- [REQUIREMENT]:
The answer must be an exact transcription of every record.

*** EXTRACTED DATA ***

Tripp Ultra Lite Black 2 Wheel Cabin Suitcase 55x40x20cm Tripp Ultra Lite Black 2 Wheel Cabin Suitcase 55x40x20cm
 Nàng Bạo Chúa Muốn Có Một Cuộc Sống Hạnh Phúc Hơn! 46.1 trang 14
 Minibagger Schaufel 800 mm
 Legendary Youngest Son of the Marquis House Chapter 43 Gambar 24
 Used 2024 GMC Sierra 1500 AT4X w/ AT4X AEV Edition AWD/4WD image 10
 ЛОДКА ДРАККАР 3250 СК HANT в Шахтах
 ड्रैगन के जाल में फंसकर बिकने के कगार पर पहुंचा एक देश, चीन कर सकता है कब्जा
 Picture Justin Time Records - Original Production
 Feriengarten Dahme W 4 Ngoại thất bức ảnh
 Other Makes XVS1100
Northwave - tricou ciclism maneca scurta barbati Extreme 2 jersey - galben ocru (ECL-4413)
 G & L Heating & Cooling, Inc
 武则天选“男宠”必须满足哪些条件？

***

- [RESULT BELOW]:
Tripp Ultra Lite Black 2 Wheel Cabin Suitcase 55x40x20cm Tripp Ultra Lite Black 2 Wheel Cabin Suitcase 55x40x20cm
 Nàng Bạo Chúa Muốn Có Một Cuộc Sống Hạnh Phúc Hơn! 46.1 trang 14
 Minibagger Schaufel 800 mm
 Legendary Youngest Son of the Marquis House Chapter 43 Gambar 24
 Used 2024 GMC Sierra 1500 AT4X w/ AT4X AEV Edition AWD/4WD image 10
 ЛОДКА ДРАККАР 3250 СК HANT в Шахтах
 ड्रैगन के जाल में फंसकर बिकने के कगार पर पहुंचा एक देश, चीन कर सकता है कब्जा
 Picture Justin Time Records - Original Production
 Feriengarten Dahme W 4 Ngoại thất bức ảnh
 Other Makes XVS1100
Northwave - tricou ciclism maneca scurta barbati Extreme 2 jersey - galben ocru (ECL-4413)
 G & L Heating & Cooling, Inc
 武则天选“男宠”必须满足哪些条件？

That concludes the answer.